“Fly me to the moon” chantait Sinatra dans l’auto-radio. Moi, en ce
lendemain de tempête, j’avais décidé d’aller
voir la mer en furie. J'aurais bien aimé m’envoler vers la
lune, mais la mer se trouve juste à côté de chez moi…
Je file vers l’océan. Dans le ciel gris et
torturé les oiseaux font du surplace en se laissant porter par le vent. Moi j’avance,
impatient, attiré par l’odeur du goémon, les embruns, la couleur du sable et le
rythme des vagues. La portière s’ouvre et l’air iodé remplit enfin mes poumons.

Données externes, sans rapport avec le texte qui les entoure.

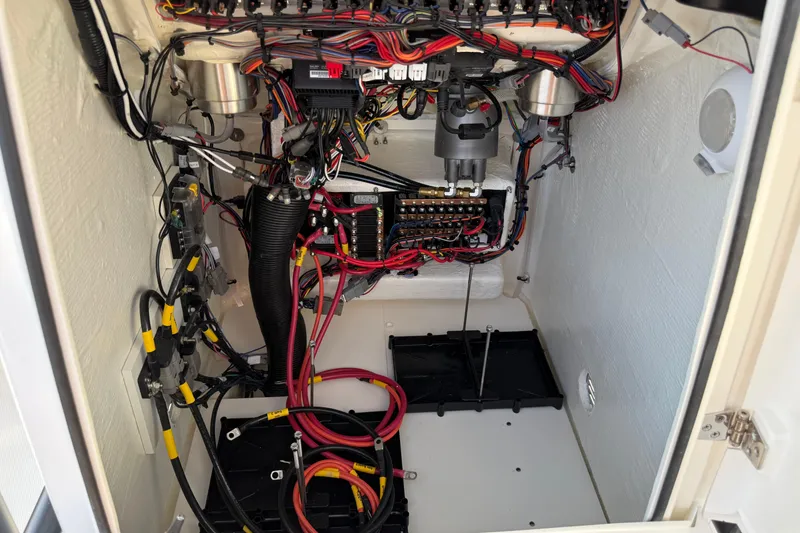Slide: The Image of Electrical wiring and components inside a 2026 Pathfinder 2200 TRS boat. - 28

Je grimpe en haut de la dune où je manque de m’envoler surpris par la force
soudaine du vent. Avant, en haut de cette grande barrière de sable, se dressaient
fièrement plusieurs rangées de pins, mais ça c’était avant. Aujourd’hui c’est
le désert, un paysage lunaire où la mer a presque tout mangé. La dune hier si
ronde et douce est à présent coupée en deux en son sommet, comme guillotinée. J’avais
déjà remarqué qu’elle perdait chaque année du terrain. Là, elle s’arrête net et
bascule abruptement vers l’océan. Les racines des arbres évanouis pendouillent
dans le vide à la recherche d’un sol à jamais disparu sous les coups de boutoir,
évaporé, emporté par la houle… Devant moi la mer s’étire dans son immensité.
Elle est plutôt calme et d’un gris profond mais je devine sa force. Je la sens
dense, lourde, chargée de tout ce qu’elle a charrié. Au lendemain du festin, l’ogresse
digère, repue.
Demain, elle se fâchera à nouveau
et si le vent, la lune et le réchauffement climatique l’aident à avancer, elle poursuivra
son travail de sape. Elle pourra ainsi s’étendre à nouveau de tout son long
pour recouvrir les marécages et reprendre possession de son territoire.
Les étés qui viendront n’y
changeront rien, cette plage magnifique aura bientôt disparu et mes enfants et
les leurs iront se chauffer le cœur ailleurs.
Je rentre chez moi le vague à l’âme.
Dans le ciel le temps d’une éclaircie, j’aperçois cette lune inaccessible qui, sûre de son pouvoir d’attraction, me salue d’un mince croissant.